Alternative investment fund managers wanting to raise money in the EEA in the future will need to monitor forthcoming changes to the rules. Proposed changes from the EU Commission to the Alternative Investment Fund Managers Directive (AIFMD), and other directives regulating funds and their marketing, were billed as intended to make cross-border fundraising easier. They have not achieved their goal.

The Commission’s proposal was intended to fix uncertainty across different EU jurisdictions as to what EU managers of EU AIFs can do in a particular country without having to get regulatory approval in order to have initial discussions with professional investors – a concept known as pre-marketing. There is no definition of pre-marketing in AIFMD, meaning that there is no level playing field across the EU in this respect. In some countries (eg the UK), regulators take a pragmatic and permissive approach, whereas others don’t recognise the concept of pre-marketing (eg Ireland).

Part of the Commission’s solution was to propose a standardised definition of pre-marketing that would apply equally across the EU. One of the main problems was that the proposed definition was very narrow. For example, it excluded any situation where the fund is already established, or reference was made to an existing fund, and it didn’t allow any circulation of draft documents. The proposal didn’t permit much communication which may take place prior to formal notifications and getting approval for cross-border marketing.

More recently, however, the Council of the EU published a revised version of the proposals that allayed many of the fears of most of the industry. The revised proposals are more user-friendly, practical and in many ways similar to the approach the UK’s FCA, and some other EU regulators, already take. So, while the AIF may not yet be legally established, managers will be able to carry out pre-marketing in a broader sense provided investors are not able to invest in the AIF. Constitutional documents must be in draft form, must not constitute an offer and must state clearly that they are incomplete.

Other irksome aspects of the original proposal have also been watered down. The thresholds within which managers would be required, under the Commission’s proposal, to offer to buy back fund units in jurisdictions they had discontinued marketing in, have been materially relaxed. Moreover, closed-ended funds will be exempt from the repurchase obligation.

Despite being a significant improvement on the Commission’s drafts, these proposed amendments are not ideal.

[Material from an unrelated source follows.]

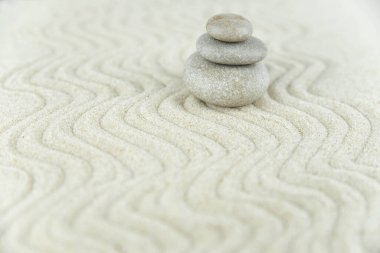 Zen bahçesi. Beyaz ve gri Zen taşlarından piramitler soyut dalga çizimleriyle beyaz kumun üzerinde. Uyum kavramı, denge ve meditasyon, spa, masaj, rahatlama.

The introduction of national discretion over the conditions for cessation of marketing, the languages for investor servicing facilities, and retention of national powers to charge fees for cross-border marketing, mean even for EU managers and funds, marketing rules will not be consistent across the EU. The ability of non-EU managers and funds to carry out pre-marketing in the EU remains uncertain and a matter for national discretion.

The position of the EU parliament is now awaited. However, from past experience, it’s expected that the parliament’s willingness to agree with the Council’s proposed amendments is unlikely to make marketing and pre-marketing easier for non-EU managers and funds.